La taille a lieu de préférence en fin d’hiver. Il est toujours possible de le rabattre sur le vieux bois, les jeunes pousses redonnent un habit vert frais à l’ensemble en plus ou moins deux mois. Doté d’une santé de fer, le lierre n’a besoin que d’une bonne terre de jardin. Un peu de corne torréfiée de temps en temps comme apport d’azote lui est bénéfique.

Feuillage à facettes

© MPV/MNC
Contrairement à sa réputation de plante triste et terne, le lierre judicieusement employé, apporte au jardin une grande fantaisie. On le dit envahissant. Tous ne le sont pas. Il y en a de particulièrement lent. Choisissez des espèces à petites feuilles si vous manquez de place. Des variétés, souvent les panachées, sont moins rustiques que d’autres, renseignez-vous auprès des pépiniéristes. Le mieux est d’installer vos lierres au jardin au printemps. Ils ont ainsi toute la belle saison pour faire leur nid.. Couvre-sol, grimpant, arbustif, compact, en boule, à feuillage coloré, panaché ou ondulé, veiné, impossible dans cette tribu de ne pas trouver son bonheur. Les feuilles, elles aussi, prennent des allures variées, dentelées, pointues en cœur, étroitement lobées ou arrondies.

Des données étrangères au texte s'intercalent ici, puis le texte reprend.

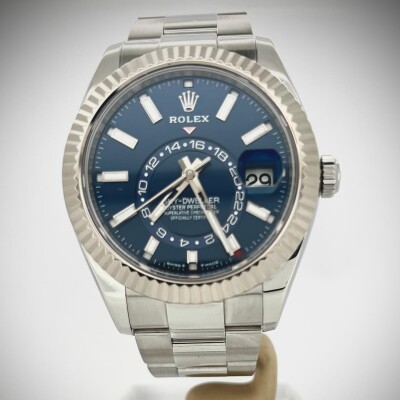 Rolex skydweller bleue 326934 sur oyster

Le feuillage du lierre commun change d’aspect lorsqu’il ne trouve plus de support pour s’étendre. Il devient arborescent et passe au stade adulte. Il perd alors ses crampons, les tiges grossissent. S’il est au soleil, il se met alors à fleurir et à fructifier.

Quelques pistes

Hedera helix ‘Buttercup’. Une variété un peu délicate qui aime les coins abrités des vents froids et le soleil mais pas trop brûlant pour que ses feuilles ne grillent pas. Il perd sa belle couleur or jaune à l’ombre. Il pousse lentement. Hedera helix ‘Erecta’ et Hedera helix ‘Congesta’ poussent en candélabres. Il ne s’agit pas d’une forme adulte mais bien d’un buisson érigé à associer à d’autres arbustes. Hedera helix ‘Arborescens’ est un arbustif bien ramifié rond à feuilles vert foncé non lobées produisant des fruits noirs. Il est obtenu par bouturage des rameaux fertiles de l’espèce. Il peut être planté en solitaire. Hedera helix ‘Sulphur Heart’ a un coloris vif qui éclaire les coins sombres mais il a besoin d’un peu de soleil pour le conserver.

Quand il fait le mur

© MPV/MNC
Pour ou contre le lierre sur les murs ? Si le mur est sain, lisse, bien jointoyé au ciment, le lierre peut y pousser sans souci. Il le protégera de la pluie et du froid. En revanche sur un vieux mur lézardé ou ayant des joints à la chaux, mieux vaut être prudent. Il ne doit pas non plus atteindre le toit. Rabattez chaque année les jeunes pousses de 2 m pour être tranquille.

Une plante accueillante

© MPV/MNC
Un mur ou un arbre colonisés par le lierre abritent tout un cortège de petits animaux et de petites vies essentielles à l’équilibre de la nature et de nos jardins. Il protège ou nourrit un grand nombre d’oiseaux, merles, grives et fauvettes mais aussi quelques petits mammifères dont l’écureuil. Le lierre est aussi apprécié des insectes. Il les attire par son nectar à une époque où la plupart des plantes à fleurs sont fanées. Bon nombre de pollinisateurs qui se préparent à passer l’hiver y trouvent refuge, papillons, paon du jour, vulcain et argus. Le papillon citron y réalise tout son cycle de vie. Une abeille sauvage, la collète du lierre lui est totalement inféodée. Quelques prédateurs de pucerons, tels syrphes et chrysopes s’y réfugient aussi.